Diabete, una minaccia globale
Il 23 maggio 2009, la rivista medico-scientifca Lancet ha dedicato un numero speciale al diabete, una delle patologie che più contribuisce ad aumentare il peso e l’impatto delle malattie sulla salute della popolazione mondiale.
In una meta-analisi, Leanne Bellamy e colleghi mostrano che le donne con diabete gestazionale hanno un rischio sette volte maggiore di sviluppare il diabete di tipo 2 rispetto alle donne con una gravidanza normoglicemica. La rilevanza del diabete gestazionale è ulteriormente illustrata in un contributo di Albert E. Reece e collaboratori. Entrambi evidenziano l’importanza di monitorare le persone ad alto rischio di diabete e intervenire il più presto possibile per evitare le successive complicanze.
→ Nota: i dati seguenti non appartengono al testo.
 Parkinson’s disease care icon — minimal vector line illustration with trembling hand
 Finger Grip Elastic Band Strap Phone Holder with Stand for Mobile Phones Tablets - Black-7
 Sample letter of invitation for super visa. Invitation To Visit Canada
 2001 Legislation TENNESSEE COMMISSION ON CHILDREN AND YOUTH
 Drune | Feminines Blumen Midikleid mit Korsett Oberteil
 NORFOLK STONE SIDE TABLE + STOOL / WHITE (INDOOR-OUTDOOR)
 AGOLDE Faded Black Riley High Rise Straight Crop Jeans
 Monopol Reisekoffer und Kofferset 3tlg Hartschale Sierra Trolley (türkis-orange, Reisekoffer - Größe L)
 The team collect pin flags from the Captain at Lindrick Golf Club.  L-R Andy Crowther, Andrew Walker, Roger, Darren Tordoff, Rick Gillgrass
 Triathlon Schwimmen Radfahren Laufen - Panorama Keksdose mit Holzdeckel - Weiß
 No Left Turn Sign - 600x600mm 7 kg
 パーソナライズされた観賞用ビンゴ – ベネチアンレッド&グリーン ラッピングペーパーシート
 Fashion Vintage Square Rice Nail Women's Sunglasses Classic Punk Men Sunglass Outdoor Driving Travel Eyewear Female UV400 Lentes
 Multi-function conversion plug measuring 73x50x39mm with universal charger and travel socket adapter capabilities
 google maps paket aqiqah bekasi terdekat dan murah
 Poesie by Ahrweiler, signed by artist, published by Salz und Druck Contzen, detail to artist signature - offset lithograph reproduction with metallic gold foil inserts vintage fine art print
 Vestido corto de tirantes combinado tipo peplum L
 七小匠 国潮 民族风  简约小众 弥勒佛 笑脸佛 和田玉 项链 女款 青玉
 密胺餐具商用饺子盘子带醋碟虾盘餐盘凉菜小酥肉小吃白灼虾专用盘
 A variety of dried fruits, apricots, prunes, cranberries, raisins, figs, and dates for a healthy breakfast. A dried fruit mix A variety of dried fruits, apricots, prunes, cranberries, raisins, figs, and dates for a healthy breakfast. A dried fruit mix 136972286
Kausik Ray e colleghi affrontano la controversa questione del modo migliore per prevenire i devastanti eventi cardiovascolari spesso riscontrati nei pazienti diabetici. Inoltre, i ricercatori del trial Field (Fenofibrate Intervention and Event Lowering in Diabetes) riferiscono la notizia che il trattamento di pazienti diabetici con fenofibrato riduce l’incidenza delle amputazioni degli arti, una complicazione del diabete debilitante ma poco studiata.
Il diabete è un problema globale: quattro quinti di tutti i pazienti con diabete vivono in Paesi in via di sviluppo. Il Paese con la più alta prevalenza è l’isola di Nauru (Micronesia), dove il 31% dei suoi 14 mila abitanti ha il diabete (gli Stati Uniti hanno una prevalenza del 9%). Sei dei dieci Paesi con i tassi più elevati di diabete si trovano nella parte orientale del Mediterraneo e in Medio Oriente (Emirati Arabi Uniti, Arabia Saudita, Bahrein, Kuwait, Oman ed Egitto). Si stima che la prevalenza del diabete aumenterà di circa l’80% nei prossimi 15 anni in Africa, Medio Oriente e America centrale e meridionale.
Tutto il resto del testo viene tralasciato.